A new synthetic strategy of Aluminium(III)-porphyrin-based conjugated microporous polymers with efficient CO2 catalytic conversion at ambient conditions

The conversion of CO2 cycloaddition to value-added cyclic carbonates is of considerable interest owing to the renewable greenhouse gas and 100 % atomic economy. However, it is still a big challenge to develop low-cost and high-efficient catalysts. Here, we report a facile design way, in a single step, for the creation of robust catalytic nanoreactors for heterogeneous catalyst in the cycloaddition of CO2 to cyclic carbonates. The Al(III)-porphyrin-based porous organic polymer catalysts exhibited remarkably high efficiency for propylene carbonate with turnover frequencies of up to 443.6 h−1 at room temperature and atmospheric pressure without solvent, which notably surpasses most previously reported heterogeneous catalysts and relevant homogeneous catalysts.

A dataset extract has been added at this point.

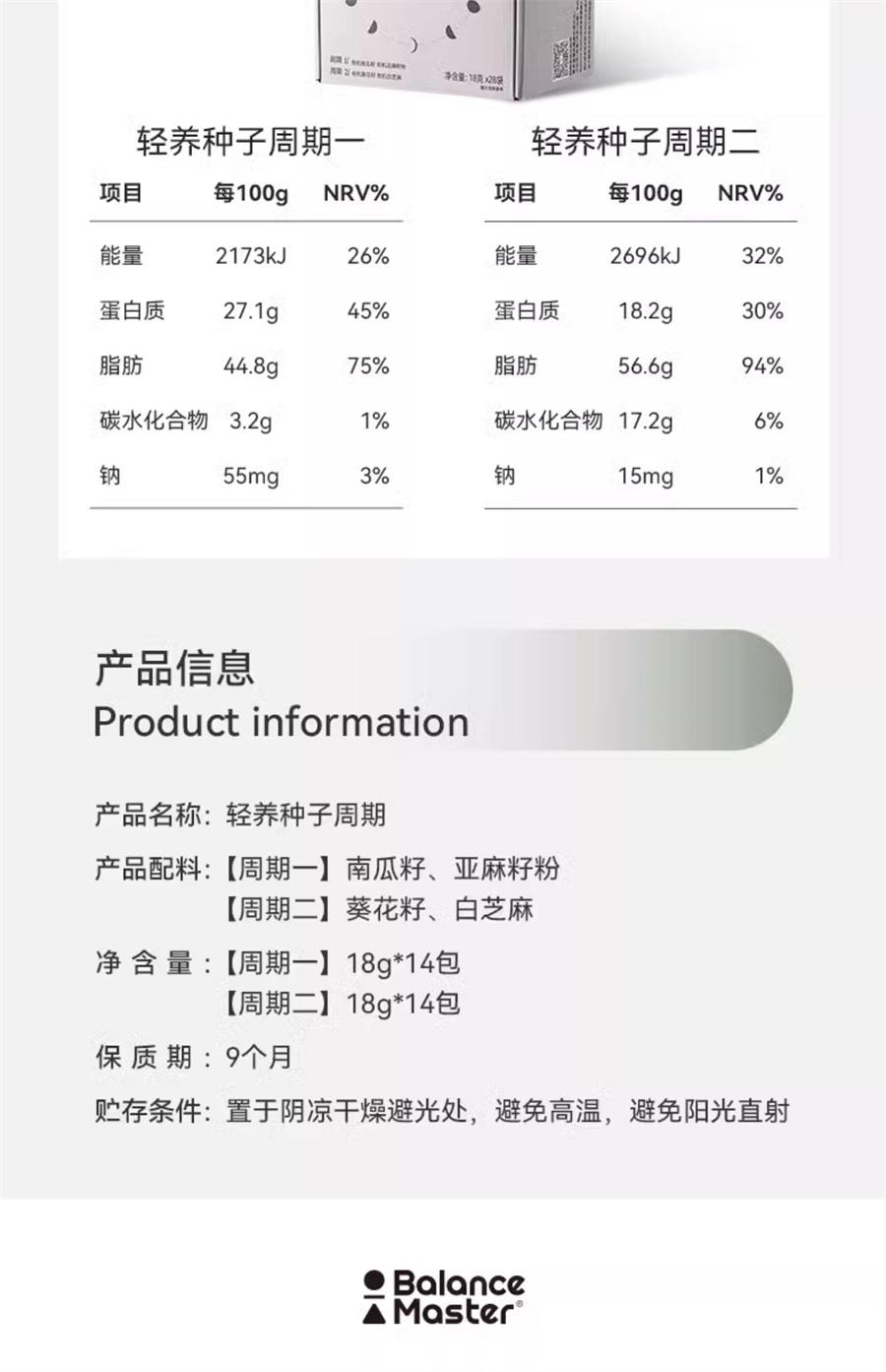 【中國直郵】 BM均衡大師 天然有機輕養種子循環週期組合亞麻葵花籽 18g*28袋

Even using dilute CO2 (15 % CO2 in N2), a TOF up to 27.0 h−1 could be afforded under ambient conditions (25 °C, 1 bar) by Al-Por-POP-2, which showed high stability for recyclability up to 10 times without a significant decrease. These studies provided a simple and efficient synthetic strategy in favor of mass production and future industrial application for the cycloaddition of CO2 with low cost and high efficiency.